The Importance of Play in Preparing for Standardized Testing by MATT LEVINSON

The Importance of Play in Preparing for Standardized Testing

Standardized tests can be a wonderful teaching tool to enrich and deepen classroom learning.

What?! The prevailing wisdom states that standardized testing drains the life out of a classroom and saps students of interest and engagement, brings on unnecessary and at times crippling stress, and limits the view of what students are really learning in school.

Teaching to the test is a problem, for sure. But using the format of a standardized test as a teaching tool can be a boon to student learning. The question is how to do this successfully and in a way that captivates student interest.

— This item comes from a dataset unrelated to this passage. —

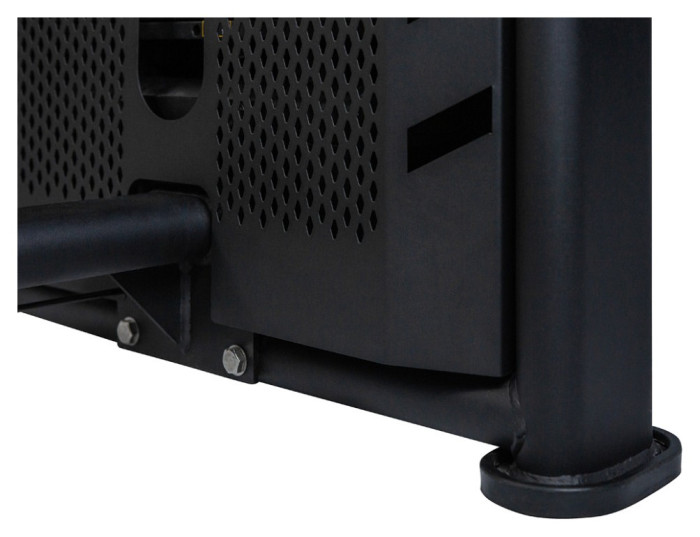 Тренажер жим ногами сидячи VNK EXO Pro, укр, укр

Here are a few ways to use the format of standardized tests as a strategy to promote student engagement:

Play with Question Stems

Have students create the answer responses to a question stem, thinking carefully about "wrong" answers and finding the right language to construct the "correct" response. This is a highly analytical exercise and challenges students to really know and understand the concept being addressed in the question.

Flip the Question

Have students construct the question based on the answer responses. This forces students to identify the patterns and themes evident in the answer responses and thus arrive at the big idea in the question.

A "No-Stakes" Review

At the end of a class in a particular subject area, have students answer one multiple-choice, standardized test type of question to see if they grasped an idea covered in class. This is a good dipstick exercise to garner immediate feedback. Time columnist Annie Murphy Paul shares the example of Columbia Middle School in St. Louis, Missouri, where teachers have students take a quick, "no-stakes" quiz at the end of each class to see what they learned.

The Quiz Show Format

Play "Who Wants to be a Millionaire?" with multiple-choice questions. The popular '90s TV show invited participants to answer a series of questions, sometimes enlisting the help of peers through the "Call a Friend" option, in which the participant could call a friendly source of information. The show also employed the "50/50" option, where two incorrect responses were eliminated from the answer list so that the participant could choose between the last two options. Teachers can break the class into teams to play this game. In a more modern version, the "Call a Friend" option could give students one minute to Google the answer, forcing them to use intelligent search language to find the "right" answer. Students could also text a friend to get extra help.

The Build Your Own Test

Give the class a mixed up practice test, with the questions scrambled and in no apparent order of difficulty. Have teams of students re-order the questions, moving from easiest to hardest, being prepared to explain and defend why a certain question was easy or difficult. This also invites the important conversation to consider that, when taking a standardized test, all questions are actually equal, with no single question having more value. Many students get hung up on the "hard" question and spend too much time on that one instead of moving through the test to answer the most questions correctly.

Dispute the Question

Have students debate the merits of the wording of a particular question to find flaws, bias or shortcomings and then rewrite the question with more careful wording.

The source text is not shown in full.